If that was too subtle for some members of the audience to grasp, that is certainly not the case in this instance. There is nothing subtle about what Green is trying to say or anything inelegant about where he takes things. Victor's best shot to defeat this evil is only possible if different religions and individual points of view can be set aside to achieve a common goal. The director is didactically calling modern society out for its inability to communicate or — heaven forbid! — compromise, and as inelegant as this message is, it's still one audiences need to hear.
But I still feel like The Exorcist: Believer mucks it up. In an attempt to generate thrills, chills, shocks, and scares, this thematic throughline somehow gets lost in all the mayhem and mucus. The final moments of the exorcism go off the rails (and not in a good way), and while I appreciate that Green follows through with delivering a semitragic finale, that does not make it either earned or satisfying.

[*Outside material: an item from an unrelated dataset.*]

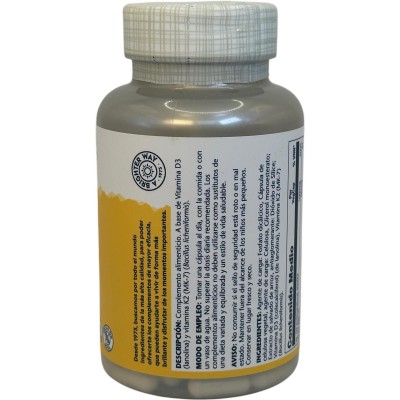 BIG Vitaminas D3 & K2 (Menaquinone-7) 120 Cápsulas vegetales de Solaray SOLARAY SOL-89739 Articulaciones, Huesos, Tendones y ...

What I can say is that the first half or so of this sequel is borderline terrific. How Green sets up Victor and Angela's relationship, the lovely way he hints at her obsession about finding some means to commune with her late mother (who died in childbirth after barely surviving a catastrophic earthquake), the gradually enveloping terror that's assaulting all three parents after their daughters go missing in the woods for three days and how that only amplifies after they return and the possession starts to take hold — almost all of this works beautifully.
Additionally, Odom is outstanding. He brings an interior complexity to his performance that's frequently shattering. As much as Green wants this to be an ensemble affair, make no mistake: this is Victor's story. Odom is mesmerizing, and the way his character evolves from moment to moment is chilling. He also shares superb chemistry with an equally solid Jewett, and this allows their father-daughter bond to become emotionally exhausting in all the right ways.
Honestly, as nice as it is to see Ellen Burstyn, it's when her character Chris MacNeil is introduced into the proceedings that things start to lose focus and slowly go off the rails. I don't want to say too much, but the film's trailers are blatantly misdirecting potential ticket buyers as to just how much the actor is actually involved in all of this demonic nonsense. Burstyn is great — no surprise there — but MacNeil is barely noteworthy, and it almost seems as if Green and company wrote the character into their scenario because they thought the legendary Oscar winner was going to decline their offer to resurrect her iconic character.
For sure, I do applaud Green's continued insistence on doing something unexpected with these treasured horror properties. Unfortunately, with The Exorcist: Believer, I just don't think he was as successful here as he was with Halloween. The messaging is too muddled. The themes don't mesh.
Like John Boorman (Exorcist II: The Heretic) and Paul Schrader (Dominion: Prequel to the Exorcist) before him, while Green's aspirations are commendable, they still frustratingly fail to deliver. If anything, the true horror is just how unsatisfactory all of this ends up proving to be.